WORK ITEM — An exact transcription is needed, beginning at the line with "3100 N Kenmore Ave I_020.jpg" and ending at the last line of the listing, with pictures left out and nothing else added.

DATA SEGMENT —
········

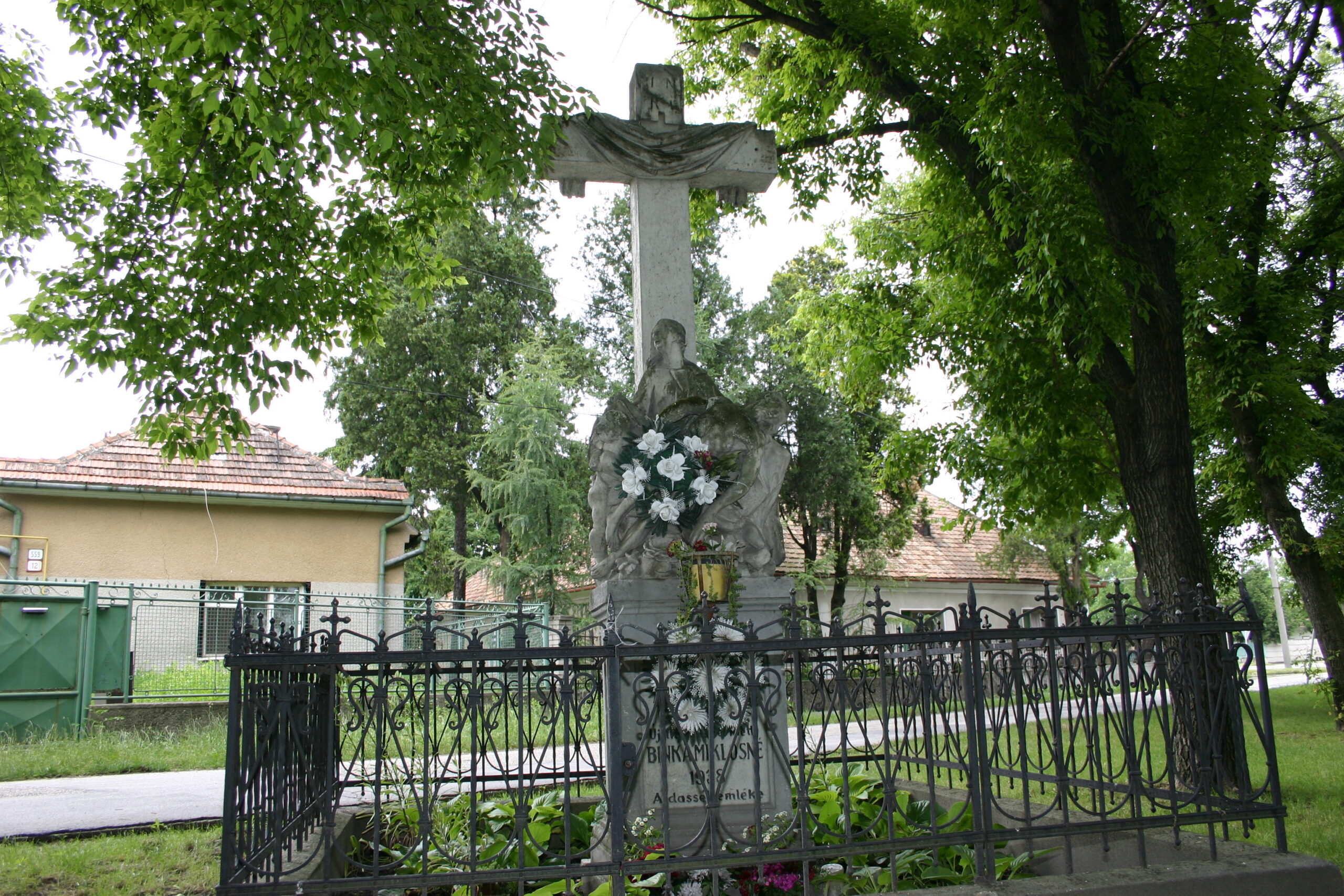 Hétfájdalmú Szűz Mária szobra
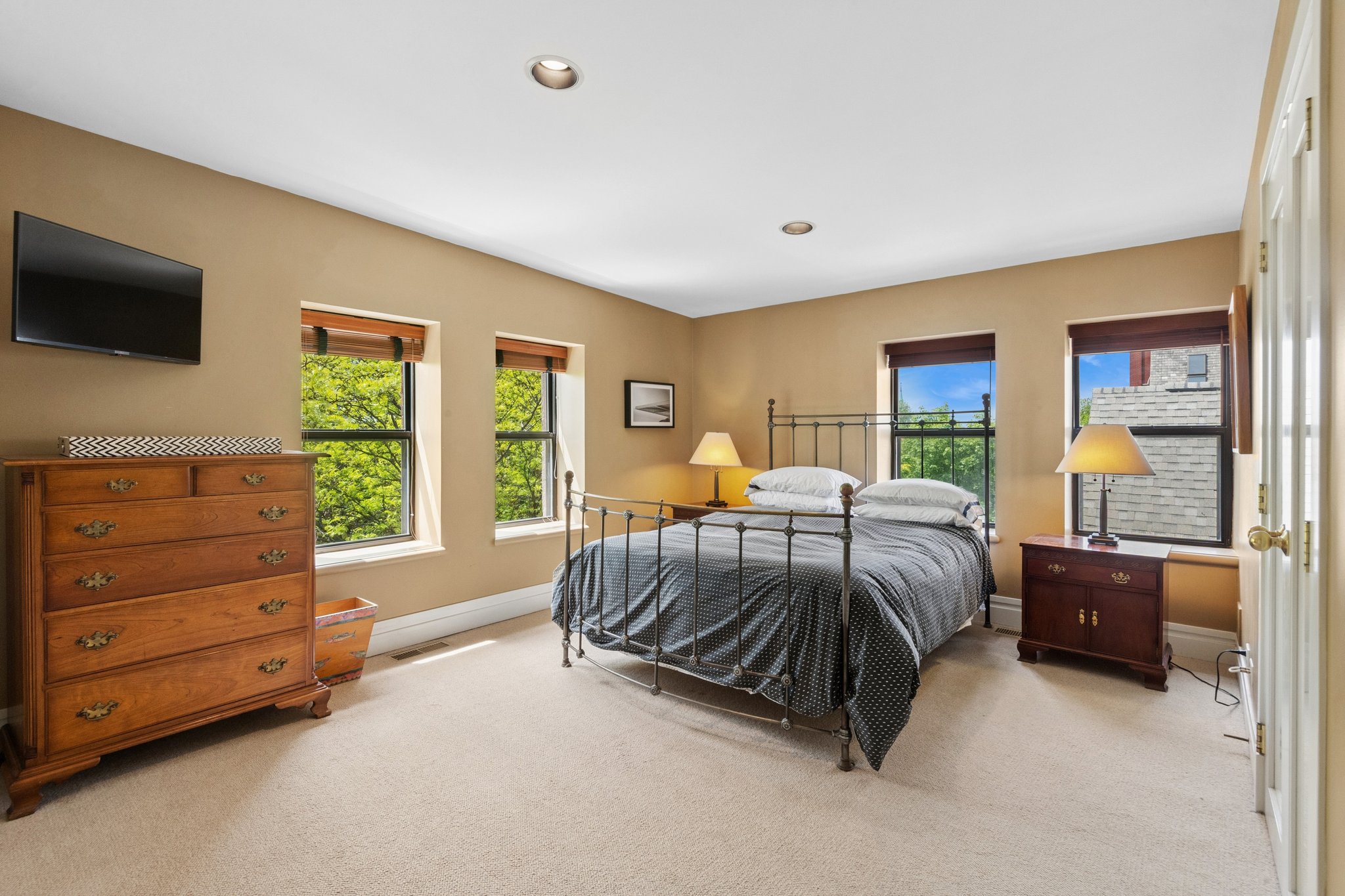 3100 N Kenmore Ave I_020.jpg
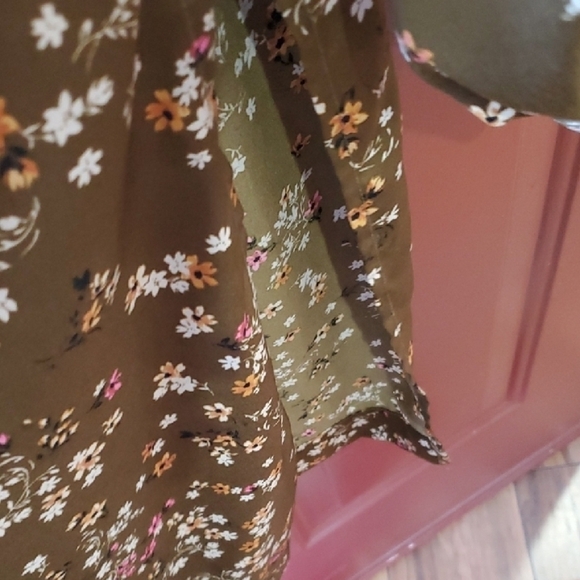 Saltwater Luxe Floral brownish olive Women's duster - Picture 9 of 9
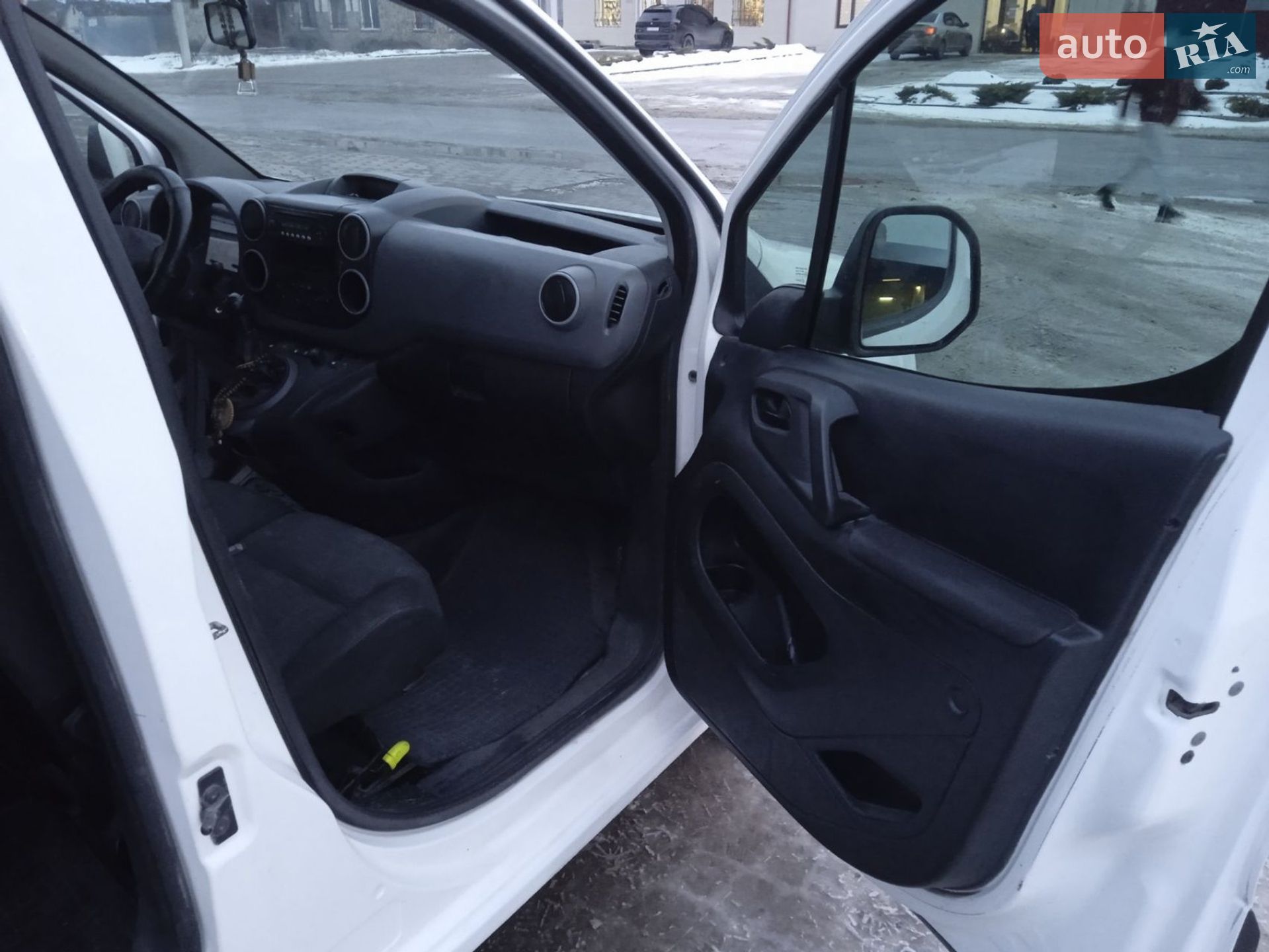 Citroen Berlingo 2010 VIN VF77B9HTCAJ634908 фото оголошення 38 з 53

········

ANSWER SECTION —
 3100 N Kenmore Ave I_020.jpg
 Saltwater Luxe Floral brownish olive Women's duster - Picture 9 of 9
 Citroen Berlingo 2010 VIN VF77B9HTCAJ634908 фото оголошення 38 з 53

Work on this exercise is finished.